Now the world outside really is unsafe, everything changes. The demand for “safe space” will never chime in the same way as it once did. No one’s priority right now is being safe from opinions they don’t really like; we all want to be safe from viral loads. Public space is dangerous – and eerie, empty urban vistas have never looked more beautiful.
Private space is dangerous, too. Domestic violence is rising all over the world, the terrorising by men of women who feel less able to escape than ever. Home is a sanctuary for some and a prison for others, and home, the domestic sphere, the only permissible location for many women, is now the only place many of us can be.
Sure, we are lucky to have homes – and our society’s sudden ability to shelter the homeless is obviously a good thing – but so many homes have no outside space and walls can quickly close in. “Home, with our bodies touching / Home, and the cameras watching / Home, will infect whatever you do / Where home, comes to life from out of the blue,” sang David Byrne, capturing the ambivalence about what home may mean.
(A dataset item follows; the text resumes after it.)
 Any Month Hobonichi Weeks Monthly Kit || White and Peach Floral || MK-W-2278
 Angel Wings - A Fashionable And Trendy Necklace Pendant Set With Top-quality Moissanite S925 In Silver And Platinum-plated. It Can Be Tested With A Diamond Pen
I hear this ambivalence all the time at the moment. I hear the people who are boasting that their homes are not in the centre of the epidemic, and I hear those who think that, after all of this, they want to move. I hear those nesting and baking and making themselves feel safe by dipping into a reservoir of happy childhood memories, covering themselves in gravity blankets of nostalgic pastimes, tethering themselves to happier memories.